This comes at a cost: Six per cent of UK CISOs (13 per cent globally) reported experiencing a significant security breach causing reputational or financial damage in the past three years. Manual processes, resources and talent deficiencies, and the inability to prioritise threats are impairing security response effectiveness. As a result, CISOs are increasing the automation of security tasks to bolster their response and remediation efforts.
“UK CISOs are spending an increasing amount on preventing and detecting data breaches, but our research underscores that response is where they should focus,” said Chris Pope, Office of the Chief Strategy Officer, ServiceNow. “Automating and orchestrating security response is the missing link for CISOs to radically increase the effectiveness of their security programs.”
Additional findings of the study from the UK include:
- Only 18 per cent rate their company as highly effective at preventing security breaches (19 per cent globally).
- Customers may suffer the most from these gaps: Only 44 per cent of CISOs believe they are highly effective at protecting against customer data breaches (38 per cent globally).

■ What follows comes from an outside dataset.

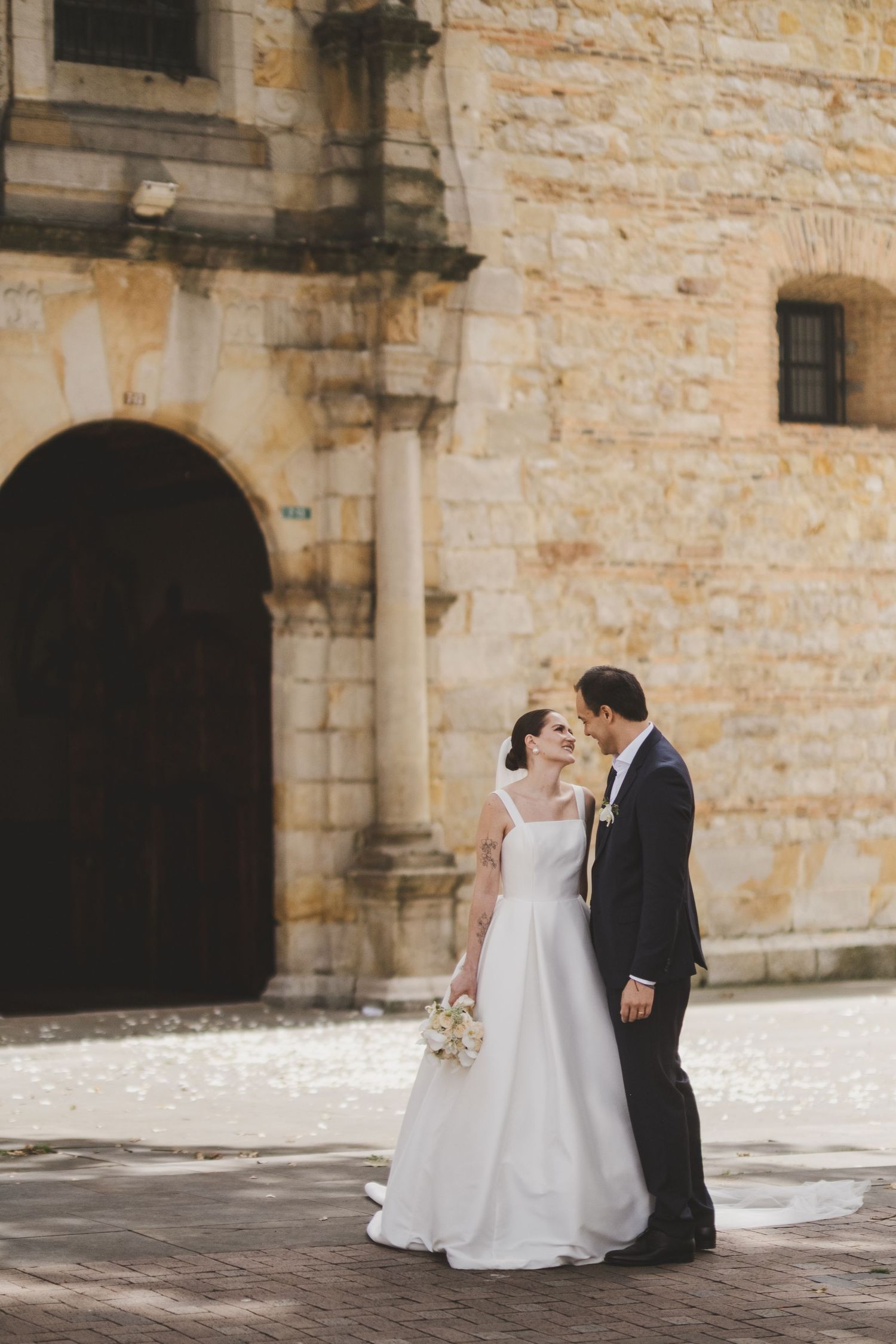 A romantic wedding couple share an intimate moment outside a historic stone building with arched doorways.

- Around two in five (38 per cent) of UK CISOs say manual processes and 32 per cent say a lack of resources are barriers to their organisation’s ability to detect and respond to security breaches.
- Around one in 10 (12 per cent) of UK CISOs say their employees have developed the skills necessary to successfully prioritise security threats (7 per cent globally).
A small group of the overall survey sample (11 per cent globally and 12 per cent in the UK), titled “Security Response Leaders,” differ from the rest in that they:
- Automate a higher percentage of security activities, including more advanced tasks such as trend reporting.
- Prioritise responses to security alerts based on business criticality.
- Build stronger relationships with IT and other departmental functions.